Un monsieur m’appelle un jour et me demande d’expertiser quelques œuvres d’artistes marocains, car il comptait les remettre sur le marché pour une éventuelle vente. J’examine les tableaux et lui établis des fourches de prix. Il fut d’abord étonné car il y avait parmi ces œuvres celles de certains artistes défunts et qu’il les avait, suite aux bruits qui courent, surévaluées. Il y avait aussi des œuvres de qualité esthétique et intellectuelle de haut niveau et dont il avait conscience et croyait qu’elles pouvaient être très demandées sur le marché. Mais mon client était étonné de voir des prix qui allaient à l’encontre de ses attentes. Il a finalement proposé les œuvres à la vente et mon expertise s’est avérée plus ou moins juste. Ce petit moment de débat avec ce monsieur m’a incité à réfléchir sur la valeur de l’œuvre d’art non seulement au Maroc mais un peu partout dans le monde. Est-ce que la valeur de l’œuvre d’art lui est intrinsèque ou y a-t-il des critères et des paramètres extra artistiques qui rentrent en jeu et déterminent la valeur de l’œuvre ?

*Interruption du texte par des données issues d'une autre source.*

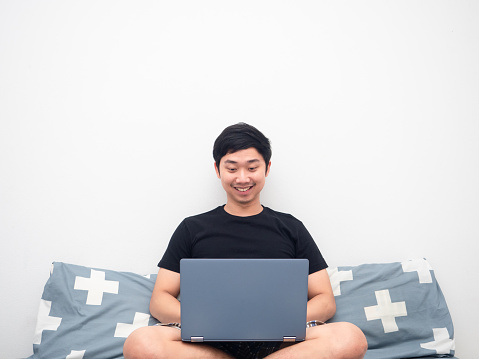 Asian man sit on the bed and using laptop for working white background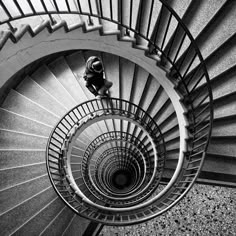 a man is climbing up the spiral staircase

Qu’est-ce qui fait que des artistes soient très demandés, ou pour parler d’une manière populaire très à la mode, et que d’autres malgré la haute valeur, artistique, spirituelle et intellectuelle de leurs œuvres ne soient pas en vogue ? Le marché de l’art a-t-il connu un changement particulier par rapport au siècle dernier ? Au Maroc et dans le monde d’aujourd’hui, l’œuvre d’art ne porte pas sa valeur en elle-même. Des artistes surgisent souvent de nulle part, passent un temps sur le marché de l’art avant de disparaitre, souvent à jamais. Aujourd’hui, une œuvre vaut plus par le bruit qui l’entoure, en d’autres termes par l’agressivité communicationnelle que l’artiste ou ses agents organisent autour d’elle. Le monde de l’art n’est plus ce domaine où le spirituel tient une place qui le distingue du commerce des objets usuels. L’œuvre d’art est devenue comme n’importe quelle autre marchandise où elle doit faire face à la concurrence et se frayer un chemin dans le monde de l’argent. Cela donne l’impression qu’on vend plus l’événement qu’autre chose.
L’exemple le plus éloquent est bien celui de l’œuvre de Banksi qui s’est autodétruite au moment où elle a été adjugée dans une vente aux enchères. Le collectionneur qui l’a achetée est rentré chez lui avec une petite histoire : « Il était une fois une œuvre qui par magie a été détruite au moment où quelqu’un l’a achetée ».
Les musées qui draguent le public par ce genre d’anecdotes, ou les collectionneurs amateurs, comme on en a au Maroc, cherchent plus à rentabiliser la littérature accumulée autour de l’œuvre que la valeur artistique elle-même. On vend plus l’art de la parole que l’art lui-même.
Je ne me lasserai jamais de citer un ami galeriste qui m’avait confié un jour : «Le Marocain n’achète pas parce qu’il a vu, mais par ce qu’il a entendu».